━━━ AVAILABLE RECORDS

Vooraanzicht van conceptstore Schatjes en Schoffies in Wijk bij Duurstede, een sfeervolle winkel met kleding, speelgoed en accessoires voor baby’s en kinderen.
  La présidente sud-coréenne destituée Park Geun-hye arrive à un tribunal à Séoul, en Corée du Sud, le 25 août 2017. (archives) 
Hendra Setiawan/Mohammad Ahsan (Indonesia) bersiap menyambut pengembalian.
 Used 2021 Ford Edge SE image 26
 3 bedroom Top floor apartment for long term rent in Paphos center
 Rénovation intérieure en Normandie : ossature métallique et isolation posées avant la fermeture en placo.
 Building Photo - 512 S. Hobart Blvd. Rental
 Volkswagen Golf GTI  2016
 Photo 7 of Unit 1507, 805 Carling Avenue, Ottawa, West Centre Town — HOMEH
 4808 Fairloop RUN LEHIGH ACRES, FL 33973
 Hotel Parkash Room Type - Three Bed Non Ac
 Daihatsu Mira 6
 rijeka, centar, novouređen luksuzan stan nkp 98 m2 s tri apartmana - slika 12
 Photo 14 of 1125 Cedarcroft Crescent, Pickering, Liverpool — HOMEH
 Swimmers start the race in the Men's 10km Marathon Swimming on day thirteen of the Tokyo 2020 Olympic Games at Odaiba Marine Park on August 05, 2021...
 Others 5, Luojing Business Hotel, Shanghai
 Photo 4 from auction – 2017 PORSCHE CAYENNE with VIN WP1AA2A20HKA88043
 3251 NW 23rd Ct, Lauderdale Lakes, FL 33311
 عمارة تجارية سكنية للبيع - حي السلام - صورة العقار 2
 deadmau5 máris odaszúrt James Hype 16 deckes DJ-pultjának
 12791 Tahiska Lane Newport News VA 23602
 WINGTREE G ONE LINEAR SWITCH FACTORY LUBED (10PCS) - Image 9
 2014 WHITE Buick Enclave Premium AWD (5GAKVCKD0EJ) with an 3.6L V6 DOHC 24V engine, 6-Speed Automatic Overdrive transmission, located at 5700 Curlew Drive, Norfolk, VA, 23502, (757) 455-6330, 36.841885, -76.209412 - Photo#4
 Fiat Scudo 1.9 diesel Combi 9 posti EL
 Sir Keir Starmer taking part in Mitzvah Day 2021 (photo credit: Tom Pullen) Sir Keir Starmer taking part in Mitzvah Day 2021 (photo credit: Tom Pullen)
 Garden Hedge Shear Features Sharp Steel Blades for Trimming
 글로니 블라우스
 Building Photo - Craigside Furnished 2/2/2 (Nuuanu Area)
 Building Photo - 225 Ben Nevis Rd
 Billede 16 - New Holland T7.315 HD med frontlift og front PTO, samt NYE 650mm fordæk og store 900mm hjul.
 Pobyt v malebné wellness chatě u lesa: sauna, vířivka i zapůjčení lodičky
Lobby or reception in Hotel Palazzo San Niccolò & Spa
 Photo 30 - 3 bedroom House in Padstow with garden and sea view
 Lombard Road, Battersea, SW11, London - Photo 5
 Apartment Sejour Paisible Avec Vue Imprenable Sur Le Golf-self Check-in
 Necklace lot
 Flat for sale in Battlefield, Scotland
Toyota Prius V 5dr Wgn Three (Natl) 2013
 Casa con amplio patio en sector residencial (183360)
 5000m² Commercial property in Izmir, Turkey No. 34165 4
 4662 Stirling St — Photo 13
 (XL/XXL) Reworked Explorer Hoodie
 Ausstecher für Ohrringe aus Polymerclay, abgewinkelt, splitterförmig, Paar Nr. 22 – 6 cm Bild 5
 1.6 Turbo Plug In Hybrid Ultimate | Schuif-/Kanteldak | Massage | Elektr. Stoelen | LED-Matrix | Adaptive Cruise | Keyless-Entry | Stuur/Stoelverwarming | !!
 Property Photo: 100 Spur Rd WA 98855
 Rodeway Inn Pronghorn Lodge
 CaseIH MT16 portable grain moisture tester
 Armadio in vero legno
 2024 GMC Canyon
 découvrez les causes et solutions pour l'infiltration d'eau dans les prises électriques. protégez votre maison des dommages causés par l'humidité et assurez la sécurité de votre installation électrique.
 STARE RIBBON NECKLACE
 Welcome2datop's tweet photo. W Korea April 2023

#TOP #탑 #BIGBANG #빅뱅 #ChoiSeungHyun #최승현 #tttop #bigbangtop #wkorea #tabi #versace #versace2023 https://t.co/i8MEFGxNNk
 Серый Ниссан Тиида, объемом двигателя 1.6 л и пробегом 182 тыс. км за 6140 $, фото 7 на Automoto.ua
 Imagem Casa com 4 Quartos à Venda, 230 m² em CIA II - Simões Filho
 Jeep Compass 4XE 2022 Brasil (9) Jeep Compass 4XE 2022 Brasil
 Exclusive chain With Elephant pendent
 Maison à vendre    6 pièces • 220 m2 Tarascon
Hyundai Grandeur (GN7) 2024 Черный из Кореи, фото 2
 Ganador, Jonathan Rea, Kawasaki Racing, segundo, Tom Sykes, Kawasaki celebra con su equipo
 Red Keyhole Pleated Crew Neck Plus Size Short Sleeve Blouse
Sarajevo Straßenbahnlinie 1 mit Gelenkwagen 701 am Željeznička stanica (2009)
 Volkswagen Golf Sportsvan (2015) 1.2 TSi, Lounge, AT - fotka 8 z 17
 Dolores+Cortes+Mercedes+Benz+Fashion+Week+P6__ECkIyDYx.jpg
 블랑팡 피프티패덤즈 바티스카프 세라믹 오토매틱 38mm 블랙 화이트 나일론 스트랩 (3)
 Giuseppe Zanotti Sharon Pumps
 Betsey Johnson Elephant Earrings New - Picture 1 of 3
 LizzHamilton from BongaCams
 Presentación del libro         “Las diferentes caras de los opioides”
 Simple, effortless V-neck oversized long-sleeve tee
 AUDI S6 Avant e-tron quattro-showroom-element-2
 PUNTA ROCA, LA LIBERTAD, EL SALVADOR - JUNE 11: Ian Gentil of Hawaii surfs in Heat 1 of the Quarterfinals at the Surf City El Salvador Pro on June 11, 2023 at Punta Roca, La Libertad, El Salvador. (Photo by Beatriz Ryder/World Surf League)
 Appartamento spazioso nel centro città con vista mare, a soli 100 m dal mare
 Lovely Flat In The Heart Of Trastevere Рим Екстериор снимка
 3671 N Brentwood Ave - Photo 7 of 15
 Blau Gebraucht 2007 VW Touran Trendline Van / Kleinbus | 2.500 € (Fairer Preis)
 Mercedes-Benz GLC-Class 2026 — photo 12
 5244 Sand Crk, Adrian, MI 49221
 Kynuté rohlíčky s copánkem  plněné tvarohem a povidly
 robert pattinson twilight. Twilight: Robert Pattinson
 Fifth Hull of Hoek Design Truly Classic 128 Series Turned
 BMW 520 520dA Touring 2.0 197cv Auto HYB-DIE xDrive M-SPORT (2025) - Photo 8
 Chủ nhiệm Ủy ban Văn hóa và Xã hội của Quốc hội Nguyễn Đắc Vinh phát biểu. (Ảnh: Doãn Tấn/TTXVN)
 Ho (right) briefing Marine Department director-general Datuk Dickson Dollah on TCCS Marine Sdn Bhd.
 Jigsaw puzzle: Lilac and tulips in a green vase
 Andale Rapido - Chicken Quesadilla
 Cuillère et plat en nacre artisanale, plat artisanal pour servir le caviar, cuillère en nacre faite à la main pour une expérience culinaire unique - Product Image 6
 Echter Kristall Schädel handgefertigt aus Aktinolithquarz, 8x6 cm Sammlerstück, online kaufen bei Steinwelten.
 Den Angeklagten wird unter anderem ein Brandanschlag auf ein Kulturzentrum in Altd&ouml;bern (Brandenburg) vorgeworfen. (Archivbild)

━━━━━━

TASK: After identifying the lines above that contain "фото", copy each one.

EXERCISE ANSWER:
 Серый Ниссан Тиида, объемом двигателя 1.6 л и пробегом 182 тыс. км за 6140 $, фото 7 на Automoto.ua
Hyundai Grandeur (GN7) 2024 Черный из Кореи, фото 2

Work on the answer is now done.